Tamas Kramer, EMEA head of public sector, Huddle
Last year’s iteration of G-Cloud, G8, continued to open the door for UK SME vendors to the public sector. The G-Cloud framework helps government organisations to directly award contracts without running lengthy, complicated and resource-intensive public procurement tenders. This is because it sets out standardised commercial and contractual conditions, which must be accepted by buyer and seller. This has facilitated our quick growth within the UK public sector – Huddle is now used by 80% of UK central government organisations, across local government and health and social care.
Going into 2017 and the release of G9, the government may need to tackle the issue of re-education of the framework, especially its benefits for buyer and seller. This is especially true for procurement departments that are not always aware G-Cloud is a direct award scheme and all contracts are pre-tendered. This means that by following the G-Cloud buying guide, they can directly award contracts to vendors, making the process much quicker.
Eric Martorano, senior vice-president of worldwide sales, Intermedia
Last year was a transformative year for UK channel partners. Fuelled by changing customer demand and the proliferation of cloud IT applications, many resellers started to realign their business objectives and transition to a managed service provider (MSP) model instead of remaining as VARs.
This has presented UK resellers with a significant opportunity to reinvigorate their businesses.
By updating their product portfolio to meet different customer needs and by striking long-term deals, MSPs are enjoying a steady stream of income, which gives them much greater financial stability. Last year proved to be a catalyst for UK resellers to start this transformation, and many more are expected to follow suit in 2017.
However, 2016 was also a year when UK resellers and their customers became lucrative targets for cyber criminals. Ransomware attacks, in particular, were a serious issue for the channel, with 48% of resellers seeing an increase in ransomware-related support inquiries.
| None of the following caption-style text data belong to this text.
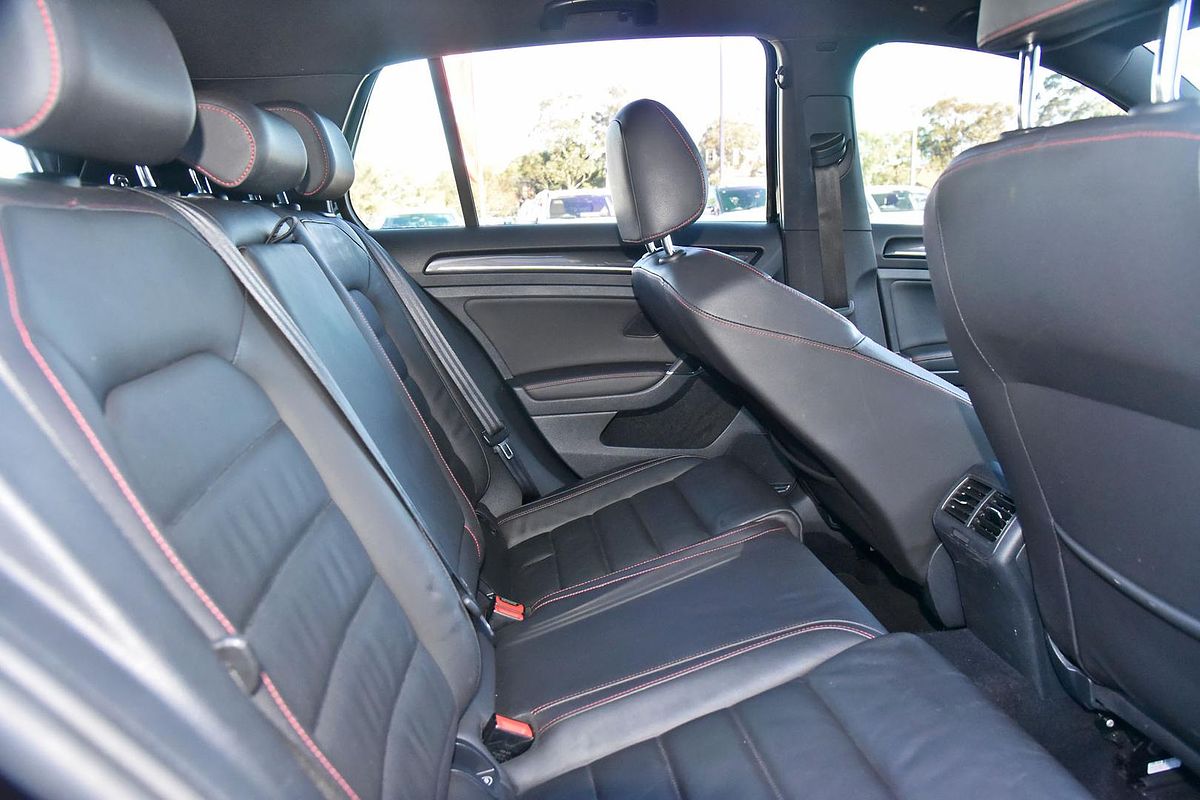 2015 Volkswagen Golf GTI 7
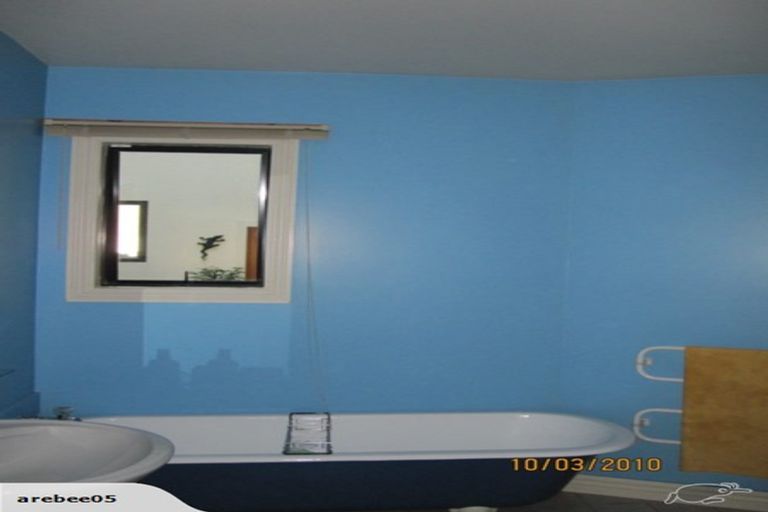 Photo of property in Endeavour Apartments, 13/125 Thorndon Quay, Pipitea, Wellington, 6011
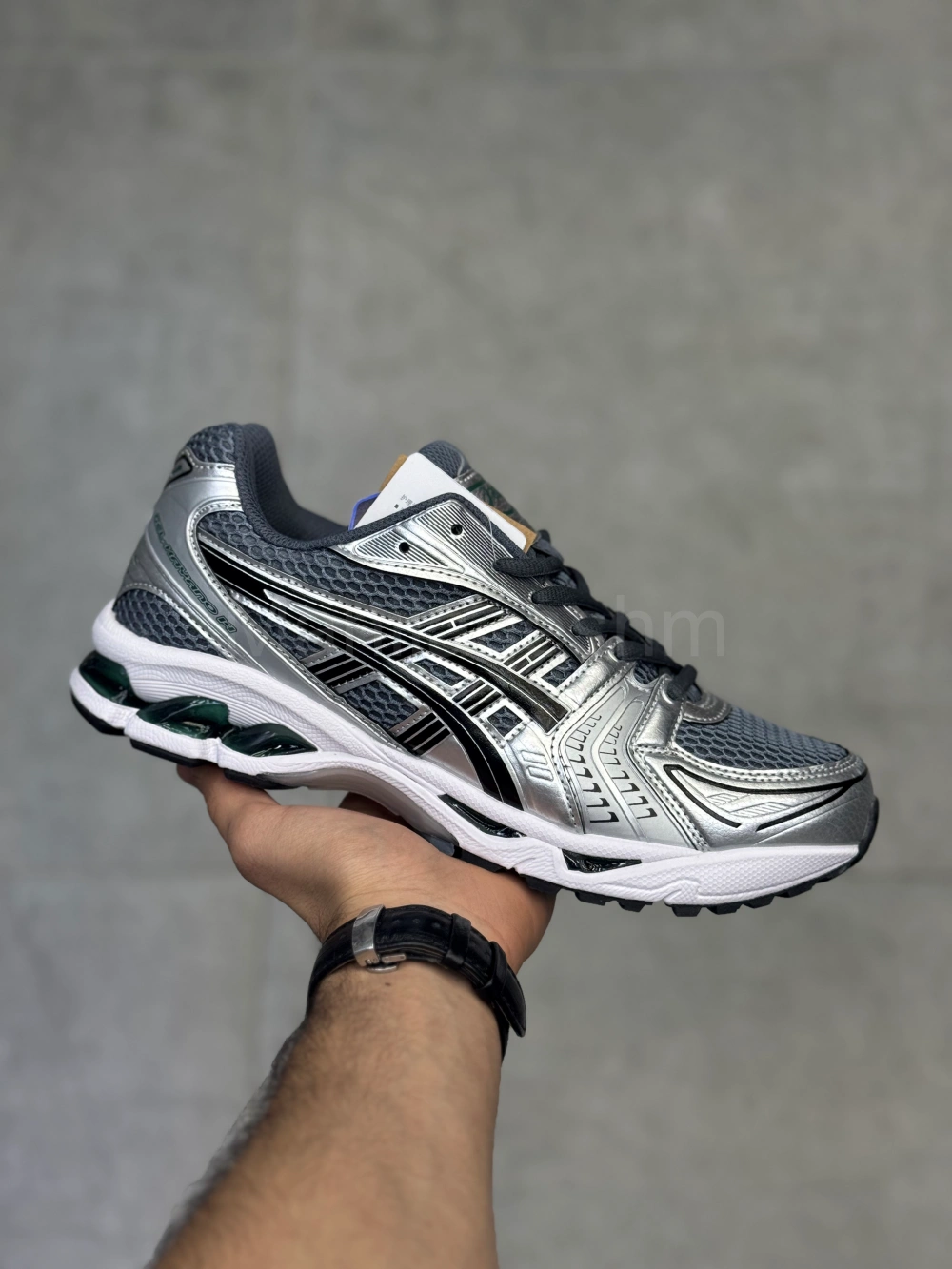 کفش اسیکس کایانو 14 نقره‌ای طوسی تیره ASICS Kayano 14 Metropolis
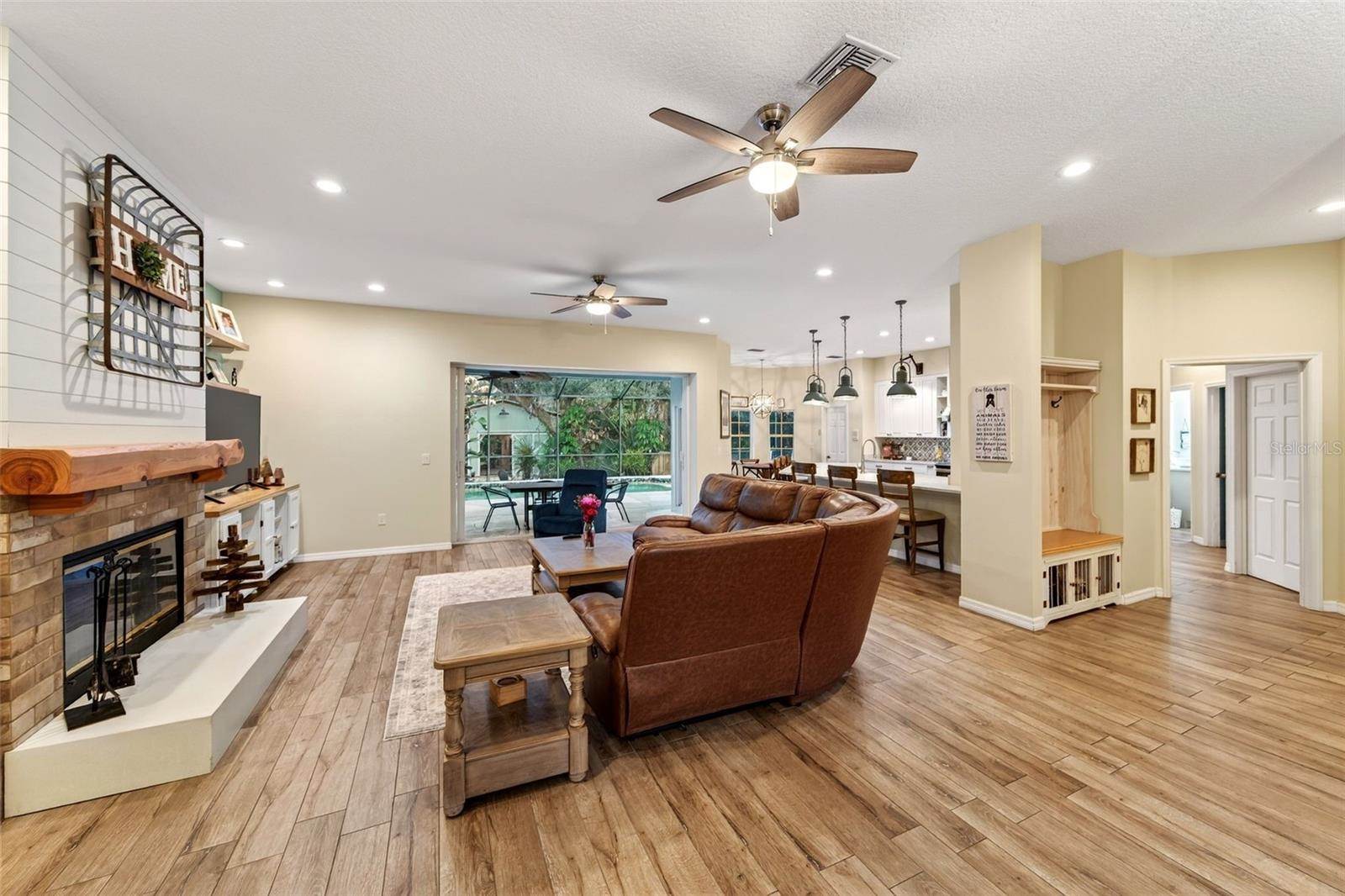 7088 Saddle Creek Lane, Sarasota, FL 34241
This is having a huge impact on channel resellers themselves, with 45% admitting not billing their customers for the time spent in helping them recover from a ransomware attack.
In 2016, the UK channel realised how serious a threat ransomware is and resellers started putting defences in place to protect themselves and their customers.
As cyber criminals become more and more savvy, this trend is set to continue in 2017.
Eleri Gibbon, director, EMEA channels, Alert Logic
In 2016, organisations continued to shift to the cloud, with the channel playing an important role in this. Many traditional channel partners knew some time ago that they needed to change direction and move towards a cloud strategy or get left behind.
They are used to dealing with risk-averse central IT and procurement teams, but the cloud brings so much more involvement from other parts of the business, including developers, marketing and finance. The shift to the cloud also includes changes to skills, governance, security and culture – all of which require significant investment and time to do well, which is why I see some partners are less enthusiastic than they were a few years ago, as these areas have not been a core focus for them in the past.
In 2017, we expect cloud environments to grow and change rapidly, with channel partners having to demonstrate they can accelerate the value that technology brings to organisations. If channel partners want to differentiate, they will have to invest in the enablement and programmes on offer from cloud providers so they can give organisations confidence that they are engaging with partners that have cloud expertise.
At the same time, cloud providers have an obligation to continue to invest in the channel and make topics such as migration strategies, security and governance a key part of their programmes.